The dense urban fabric of downtown Athens is the result of rapid urban development during the post-war period, as well the incorporation of Western European architectural trends into the local architectural vernacular. During the 1950's and 60's, turn-of-the-century neoclassical buildings were demolished to make room for mid-century modernist apartment and office buildings all around the city centre — many of which occupied entire building blocks and rose up to seven stories high — in an effort to rank Athens in the list of western capital cities. In order to offer additional shopping spaces and alternative walking routes in the bustling city centre, arcades were created within these large new buildings, that cut across building blocks and often have several exits to different streets and squares. This labyrinthine network of arcades mostly extends within the city's "Commercial Triangle", an area delineated by Ermou, Athinas and Stadiou streets. The area within the Triangle is where the city's heart beats, both in terms of commerce and nightlife.
Fascinated by the typography and atmosphere found in these arcades, urban cartographer and designer Natassa Pappa decided to map the around 40 of them found within the Triangle, and document the vintage signage used to direct visitors in an out of their shady interiors. Known as stoas in Greek, the arcades are now mostly abandoned, but are still open to pedestrians and create an alternative walking network that's unknown to its majority, even to Athenians. Meticulously recording the typography designs at the entrance of each arcade, Natassa Pappa created a booklet that showcases the sheer variety and inventiveness of vintage Athenian signage and graphic design found within these old arcades. The "Into Stoas" city guide includes a map of the city centre pointing out the location of each arcade, as well as a minimalist "vocabulary" with all the arcade floorplans, that architecture and urban-planning enthusiasts will surely find exciting.

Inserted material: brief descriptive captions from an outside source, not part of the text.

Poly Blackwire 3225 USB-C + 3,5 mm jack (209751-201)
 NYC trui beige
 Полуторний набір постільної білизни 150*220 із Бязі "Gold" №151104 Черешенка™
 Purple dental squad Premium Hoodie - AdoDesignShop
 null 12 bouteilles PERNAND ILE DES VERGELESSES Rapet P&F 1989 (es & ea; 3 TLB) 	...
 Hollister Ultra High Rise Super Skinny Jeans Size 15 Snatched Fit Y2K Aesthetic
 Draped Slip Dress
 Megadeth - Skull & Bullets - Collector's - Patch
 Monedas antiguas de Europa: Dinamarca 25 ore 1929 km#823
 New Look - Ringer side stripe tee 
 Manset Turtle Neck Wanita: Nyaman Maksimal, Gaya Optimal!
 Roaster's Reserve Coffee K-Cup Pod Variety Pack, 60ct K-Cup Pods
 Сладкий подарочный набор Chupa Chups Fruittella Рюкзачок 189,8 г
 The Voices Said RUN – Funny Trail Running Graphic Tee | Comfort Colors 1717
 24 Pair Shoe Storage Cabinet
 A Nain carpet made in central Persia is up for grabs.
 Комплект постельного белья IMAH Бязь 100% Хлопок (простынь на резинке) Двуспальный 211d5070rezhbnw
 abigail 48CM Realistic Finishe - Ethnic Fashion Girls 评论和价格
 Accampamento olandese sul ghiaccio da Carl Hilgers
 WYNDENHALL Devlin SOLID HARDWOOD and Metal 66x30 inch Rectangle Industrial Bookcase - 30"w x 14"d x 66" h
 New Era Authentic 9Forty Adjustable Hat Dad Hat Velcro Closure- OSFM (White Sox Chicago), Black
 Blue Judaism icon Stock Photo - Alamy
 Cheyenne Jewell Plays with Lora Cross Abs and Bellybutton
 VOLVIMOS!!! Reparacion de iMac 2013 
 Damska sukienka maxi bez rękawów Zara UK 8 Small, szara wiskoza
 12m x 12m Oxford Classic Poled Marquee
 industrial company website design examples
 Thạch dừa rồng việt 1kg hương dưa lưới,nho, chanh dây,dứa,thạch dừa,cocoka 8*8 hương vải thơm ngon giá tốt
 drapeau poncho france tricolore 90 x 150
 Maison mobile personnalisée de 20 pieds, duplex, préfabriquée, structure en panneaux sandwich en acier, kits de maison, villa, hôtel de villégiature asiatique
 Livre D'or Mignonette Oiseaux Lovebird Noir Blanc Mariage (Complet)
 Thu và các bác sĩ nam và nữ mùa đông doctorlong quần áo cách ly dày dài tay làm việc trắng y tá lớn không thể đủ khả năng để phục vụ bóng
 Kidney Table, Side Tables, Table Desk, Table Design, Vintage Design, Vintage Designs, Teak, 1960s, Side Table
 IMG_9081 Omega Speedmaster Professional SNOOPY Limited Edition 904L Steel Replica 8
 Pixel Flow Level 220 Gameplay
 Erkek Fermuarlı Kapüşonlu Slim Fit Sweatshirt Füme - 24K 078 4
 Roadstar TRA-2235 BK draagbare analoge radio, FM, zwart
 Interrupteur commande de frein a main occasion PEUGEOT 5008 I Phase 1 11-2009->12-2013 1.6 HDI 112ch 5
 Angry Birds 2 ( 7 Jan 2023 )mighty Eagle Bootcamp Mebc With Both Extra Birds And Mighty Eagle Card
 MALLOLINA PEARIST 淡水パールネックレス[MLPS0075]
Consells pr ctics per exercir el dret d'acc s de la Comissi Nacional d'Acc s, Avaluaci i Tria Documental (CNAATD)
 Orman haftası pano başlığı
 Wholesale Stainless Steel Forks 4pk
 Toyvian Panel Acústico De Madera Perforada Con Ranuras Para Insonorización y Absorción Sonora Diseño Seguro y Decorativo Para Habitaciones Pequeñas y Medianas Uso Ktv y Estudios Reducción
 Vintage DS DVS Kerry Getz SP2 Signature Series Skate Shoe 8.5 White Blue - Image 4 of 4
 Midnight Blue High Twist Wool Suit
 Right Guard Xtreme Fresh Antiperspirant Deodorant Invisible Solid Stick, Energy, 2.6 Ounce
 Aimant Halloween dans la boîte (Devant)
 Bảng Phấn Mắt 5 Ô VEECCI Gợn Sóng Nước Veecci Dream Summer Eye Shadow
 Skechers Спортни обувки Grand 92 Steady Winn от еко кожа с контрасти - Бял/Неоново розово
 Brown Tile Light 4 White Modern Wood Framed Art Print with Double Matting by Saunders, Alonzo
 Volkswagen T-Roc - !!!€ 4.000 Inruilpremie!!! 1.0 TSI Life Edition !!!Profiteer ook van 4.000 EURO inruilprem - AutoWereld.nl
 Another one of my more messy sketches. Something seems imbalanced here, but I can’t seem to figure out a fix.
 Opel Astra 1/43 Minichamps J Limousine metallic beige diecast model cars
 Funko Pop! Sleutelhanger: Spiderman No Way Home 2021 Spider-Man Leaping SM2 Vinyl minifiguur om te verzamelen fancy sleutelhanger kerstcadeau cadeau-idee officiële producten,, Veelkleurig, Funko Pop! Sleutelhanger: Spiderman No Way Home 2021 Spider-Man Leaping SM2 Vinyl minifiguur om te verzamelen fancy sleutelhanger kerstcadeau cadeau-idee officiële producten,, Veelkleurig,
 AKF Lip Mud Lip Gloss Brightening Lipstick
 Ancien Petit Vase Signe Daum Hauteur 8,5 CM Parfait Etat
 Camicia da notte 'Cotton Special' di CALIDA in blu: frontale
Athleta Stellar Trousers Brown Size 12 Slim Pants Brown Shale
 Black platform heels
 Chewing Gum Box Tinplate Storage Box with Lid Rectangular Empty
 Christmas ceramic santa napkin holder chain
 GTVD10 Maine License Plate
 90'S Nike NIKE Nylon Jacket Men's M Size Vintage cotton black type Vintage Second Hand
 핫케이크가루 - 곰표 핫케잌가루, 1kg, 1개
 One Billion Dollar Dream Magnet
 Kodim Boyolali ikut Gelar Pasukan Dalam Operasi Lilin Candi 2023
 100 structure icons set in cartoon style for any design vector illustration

A flâneuse in the most literal meaning of the word, Natassa Pappa loves to wander in the city and explore every little street and neighbourhood. As part of ther Into Stoas project, she also takes visitors on tours into the Athenian arcades, to discover hidden cafés, creative studios and unique architectural features that are invisible from the street. From the impressive neon-sign collection of the Merchants' Arcade to the busy Stoa Kaïri and its lovely coffee shop, the Into Stoas tour offers a completely different experience of the city, one where the past and the present intertwine and the real side of Athens comes into the light.